GUEST: Kai Wright, WNYC On Air Reporter, Narrative Unit



  • Presentation from Kai Wright
  • Q&A with Kai Wright
  • Public Comment
  • Community Advisory Board business




  • Kai discussed the gentrification of Bed-Stuy as seen through the lens of his block and its surroundings and played the trailer for the podcast There Goes the Neighborhood.
  • He expressed surprised at the level and direction of frustration expressed by those interviewed while noting the need to explain events from as far back as the 1940’s to understand the changes taking place today
  • Mr. Wright noted the ability of the podcast to respond to coverage of “Change” (ex. The ability to pivot to Suffolk County for The United States of Anxiety) exploring the “2nd Generation of ‘White Flight’ ” (from Queens to Long Island)
  • Kai described his intention to cover New Jersey for the Midterm Elections in the way that Suffolk County was covered for the Presidential elections and his desire to explore “Gender and Power Movements” as well as the history of Ida B. Wells.
  • Mr. Wright also described Caught,  a podcast made from narratives collected by giving tape recorders to individuals in juvenile justice facilities. This was rare access and originally intended as a Radio Rookies Project


Q & A

  • Tio Louie of Prime Latino Media asked if the Narrative Unit described “scripted media” similar to the idea of “chronicles” in Latino media. Kai responded that there is an ongoing discussion about how best to delegate resources among WNYC Studios (purchase, production/distribution of podcasts) and WNYC News whose mission is to respond to news. The “Narrative” name is a byproduct of the efforts to define the news department.
  • Questioner #2 was moved by description of gentrification in Bed-Stuy and wished to hear more about coverage at CAB meetings. Additionally, a recommendation was made for WNYC to publicize Rent Guidelines Board meeting dates. Regarding United States of Anxiety the questioner noted that given the rise of “Out Nazis” the hoped for demise of Trump does not seem forthcoming. Kai noted that he was more interested these days about the reaction to the rise/reality of Trump, having answered most of his questions about what led to the election results. He is also interested in Stacey Abrams’ rise and her groundbreaking development of the electorate in Georgia noting that there’s been no real investment in the politics of South Georgia since the “Albany Movement.”
  • Questioner #4: How was access gained to juvenile offenders?
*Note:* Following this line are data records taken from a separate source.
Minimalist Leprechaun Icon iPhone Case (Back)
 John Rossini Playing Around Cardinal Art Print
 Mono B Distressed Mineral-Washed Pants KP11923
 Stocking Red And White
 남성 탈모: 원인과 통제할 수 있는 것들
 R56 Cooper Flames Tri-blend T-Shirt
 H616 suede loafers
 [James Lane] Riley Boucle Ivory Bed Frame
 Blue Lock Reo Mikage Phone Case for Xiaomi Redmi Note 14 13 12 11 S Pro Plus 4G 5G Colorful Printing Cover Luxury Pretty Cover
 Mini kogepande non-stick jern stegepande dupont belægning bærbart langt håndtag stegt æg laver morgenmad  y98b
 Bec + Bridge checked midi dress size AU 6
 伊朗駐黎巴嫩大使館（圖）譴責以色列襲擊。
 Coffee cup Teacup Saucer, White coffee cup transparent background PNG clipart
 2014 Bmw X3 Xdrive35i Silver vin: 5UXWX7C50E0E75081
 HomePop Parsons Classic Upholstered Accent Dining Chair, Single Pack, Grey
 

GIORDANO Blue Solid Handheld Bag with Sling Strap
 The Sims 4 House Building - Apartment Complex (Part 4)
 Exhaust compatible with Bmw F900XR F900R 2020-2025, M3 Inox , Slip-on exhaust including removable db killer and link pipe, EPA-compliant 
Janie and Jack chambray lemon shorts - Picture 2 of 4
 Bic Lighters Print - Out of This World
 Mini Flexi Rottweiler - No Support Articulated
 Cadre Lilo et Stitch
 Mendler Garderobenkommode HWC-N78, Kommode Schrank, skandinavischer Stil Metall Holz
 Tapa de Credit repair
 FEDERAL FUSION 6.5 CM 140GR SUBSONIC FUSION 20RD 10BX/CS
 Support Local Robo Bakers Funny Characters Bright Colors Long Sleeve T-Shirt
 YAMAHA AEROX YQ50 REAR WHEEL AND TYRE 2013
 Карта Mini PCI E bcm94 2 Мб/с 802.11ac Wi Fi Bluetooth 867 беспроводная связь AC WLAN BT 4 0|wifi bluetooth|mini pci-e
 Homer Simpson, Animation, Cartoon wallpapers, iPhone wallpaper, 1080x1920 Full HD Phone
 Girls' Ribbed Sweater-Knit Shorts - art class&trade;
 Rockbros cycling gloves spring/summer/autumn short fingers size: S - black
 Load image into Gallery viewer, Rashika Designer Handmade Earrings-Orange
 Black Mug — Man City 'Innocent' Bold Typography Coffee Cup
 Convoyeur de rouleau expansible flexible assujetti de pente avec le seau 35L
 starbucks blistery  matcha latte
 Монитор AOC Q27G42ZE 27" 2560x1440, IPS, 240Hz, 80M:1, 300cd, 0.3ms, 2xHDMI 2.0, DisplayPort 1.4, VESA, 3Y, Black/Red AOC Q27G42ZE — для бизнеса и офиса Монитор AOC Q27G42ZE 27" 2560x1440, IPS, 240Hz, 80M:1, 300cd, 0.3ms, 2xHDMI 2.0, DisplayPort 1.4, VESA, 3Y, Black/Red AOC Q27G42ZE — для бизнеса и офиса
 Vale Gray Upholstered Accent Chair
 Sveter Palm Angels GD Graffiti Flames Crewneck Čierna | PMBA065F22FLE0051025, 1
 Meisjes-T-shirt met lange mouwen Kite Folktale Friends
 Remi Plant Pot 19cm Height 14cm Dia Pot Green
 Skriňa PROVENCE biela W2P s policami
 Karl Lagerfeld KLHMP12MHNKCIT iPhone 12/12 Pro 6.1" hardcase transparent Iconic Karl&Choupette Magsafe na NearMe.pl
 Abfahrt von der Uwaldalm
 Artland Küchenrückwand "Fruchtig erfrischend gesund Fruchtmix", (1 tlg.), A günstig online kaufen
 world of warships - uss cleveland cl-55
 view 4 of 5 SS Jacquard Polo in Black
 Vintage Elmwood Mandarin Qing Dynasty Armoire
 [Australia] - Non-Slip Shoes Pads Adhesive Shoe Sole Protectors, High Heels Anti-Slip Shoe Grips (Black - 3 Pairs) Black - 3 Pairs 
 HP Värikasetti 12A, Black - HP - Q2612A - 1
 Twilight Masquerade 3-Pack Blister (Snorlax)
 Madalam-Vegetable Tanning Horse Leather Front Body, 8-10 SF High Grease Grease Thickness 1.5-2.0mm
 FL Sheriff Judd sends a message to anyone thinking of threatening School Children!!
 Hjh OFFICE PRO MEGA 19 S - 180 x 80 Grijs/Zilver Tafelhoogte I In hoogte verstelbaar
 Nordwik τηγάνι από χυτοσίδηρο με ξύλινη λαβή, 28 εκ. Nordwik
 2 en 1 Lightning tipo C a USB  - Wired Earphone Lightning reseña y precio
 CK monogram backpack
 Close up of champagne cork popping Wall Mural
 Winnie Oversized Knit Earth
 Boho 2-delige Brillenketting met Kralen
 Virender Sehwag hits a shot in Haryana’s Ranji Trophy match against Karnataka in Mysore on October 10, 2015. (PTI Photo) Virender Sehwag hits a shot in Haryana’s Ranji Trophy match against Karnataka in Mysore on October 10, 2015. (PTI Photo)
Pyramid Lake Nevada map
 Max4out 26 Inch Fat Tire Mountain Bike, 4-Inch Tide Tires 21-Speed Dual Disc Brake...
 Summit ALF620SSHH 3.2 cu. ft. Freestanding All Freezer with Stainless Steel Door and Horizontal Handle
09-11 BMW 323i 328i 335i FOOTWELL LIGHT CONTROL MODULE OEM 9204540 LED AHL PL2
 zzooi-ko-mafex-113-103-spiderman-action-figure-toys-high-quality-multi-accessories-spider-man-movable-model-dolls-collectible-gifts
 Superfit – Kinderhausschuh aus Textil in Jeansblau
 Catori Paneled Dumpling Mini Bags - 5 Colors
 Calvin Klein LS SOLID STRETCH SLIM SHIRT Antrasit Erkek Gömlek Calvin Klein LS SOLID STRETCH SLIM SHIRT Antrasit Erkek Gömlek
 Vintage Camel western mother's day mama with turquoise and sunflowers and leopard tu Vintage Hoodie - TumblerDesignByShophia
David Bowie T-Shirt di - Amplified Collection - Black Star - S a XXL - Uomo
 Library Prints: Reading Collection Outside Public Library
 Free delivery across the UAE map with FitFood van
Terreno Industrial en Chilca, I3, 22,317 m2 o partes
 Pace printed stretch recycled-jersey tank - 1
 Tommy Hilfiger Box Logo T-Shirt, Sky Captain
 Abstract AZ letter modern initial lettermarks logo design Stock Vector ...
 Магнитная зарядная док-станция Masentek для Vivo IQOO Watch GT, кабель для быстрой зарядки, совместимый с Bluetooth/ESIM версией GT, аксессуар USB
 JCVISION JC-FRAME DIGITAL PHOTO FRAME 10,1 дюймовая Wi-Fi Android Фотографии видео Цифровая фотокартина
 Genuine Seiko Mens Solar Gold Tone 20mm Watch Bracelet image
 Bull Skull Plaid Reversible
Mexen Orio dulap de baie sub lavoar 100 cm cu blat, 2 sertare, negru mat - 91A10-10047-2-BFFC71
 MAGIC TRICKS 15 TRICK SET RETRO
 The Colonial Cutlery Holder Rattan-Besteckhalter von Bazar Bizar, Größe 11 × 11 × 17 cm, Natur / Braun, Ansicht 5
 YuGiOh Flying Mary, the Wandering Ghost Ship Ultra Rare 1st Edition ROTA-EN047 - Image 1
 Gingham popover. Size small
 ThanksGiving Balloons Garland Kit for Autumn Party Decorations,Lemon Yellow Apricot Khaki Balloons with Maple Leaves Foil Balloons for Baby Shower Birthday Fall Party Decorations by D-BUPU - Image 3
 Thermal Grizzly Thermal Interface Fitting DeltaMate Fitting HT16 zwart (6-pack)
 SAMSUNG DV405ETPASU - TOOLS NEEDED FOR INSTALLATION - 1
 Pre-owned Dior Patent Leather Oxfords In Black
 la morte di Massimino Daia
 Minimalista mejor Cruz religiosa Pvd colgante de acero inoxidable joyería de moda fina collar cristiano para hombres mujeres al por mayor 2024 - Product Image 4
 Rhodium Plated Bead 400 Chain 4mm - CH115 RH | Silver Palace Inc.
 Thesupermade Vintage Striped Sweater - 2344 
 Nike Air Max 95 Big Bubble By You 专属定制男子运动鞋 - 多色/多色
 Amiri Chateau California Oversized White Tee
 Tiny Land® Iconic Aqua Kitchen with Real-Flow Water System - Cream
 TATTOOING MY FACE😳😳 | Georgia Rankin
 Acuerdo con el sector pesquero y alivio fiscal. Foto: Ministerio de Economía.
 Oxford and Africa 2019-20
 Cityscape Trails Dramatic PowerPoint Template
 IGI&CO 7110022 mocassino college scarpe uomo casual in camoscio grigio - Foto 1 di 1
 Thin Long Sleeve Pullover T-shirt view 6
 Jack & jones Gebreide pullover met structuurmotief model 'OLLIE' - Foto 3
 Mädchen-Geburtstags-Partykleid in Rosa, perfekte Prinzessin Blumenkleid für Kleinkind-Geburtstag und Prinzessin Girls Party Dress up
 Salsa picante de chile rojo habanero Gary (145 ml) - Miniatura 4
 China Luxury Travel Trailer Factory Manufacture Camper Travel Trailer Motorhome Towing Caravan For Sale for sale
Sound design seems to dramatize the stories. Query also referenced a Jon Letzin, sound designer, and added that sound designers need to be credited. Kai described a 20-year involvement with the juvenile service facility featured in Caught but did not know how the initial entry into facility occurred. Initially, the program was designed to have students feel less isolated from the community. He likened these facilities (Federal prisons to juvenile systems) to fiefdoms, observing that people who ran facilities are predisposed to tell “their stories” Kai disagreed with questioning the roll of sound design in audio broadcasts, and noted Casey Meems, the sound designer for Caught. He asked if the use of nice pictures or fonts are manipulative, or if they aid in telling a story. He described the intimacy of audio stories, noting you are entering the listener’s space. When you’re asking people to wrestle with hard stuff it helps to manage the experience and sound design helps this.
  • Questioner # 4 noted “top-down” process of selecting stories wondering what the role of ordinary people is, describing a personal story of a bogus decision in which a judge falsifies arguments.  He believes journalists are the ones who decide what story to tell, but he would like the public to have editorial input. Kai replied that journalists aim to make stories that are useful the world over. Before one can assess the importance of an issue, journalists need to substantiate/confirm facts, and then can decide to tell the story in a chosen medium; WNYC stories oftentimes start with a neighbor or someone he met, although not all stories make it through the process.
  • Questioner #3: Do Podcasts make it on air?  Kai noted that Indivisible and other shows (ex. United States of Anxiety) had 30-minute call-in show after the election. Live segments were sometimes appended to All Things Considered. A follow-up comment noted disappointment that WNYC took The Gothamist but left DNA Info unsupported, while noting the importance of local coverage of school board meetings, etc. and this creates a rarified audience that leaves out casual, occasional listeners. Kai agreed but believes that WNYC’s audience is less “rarified” than others’.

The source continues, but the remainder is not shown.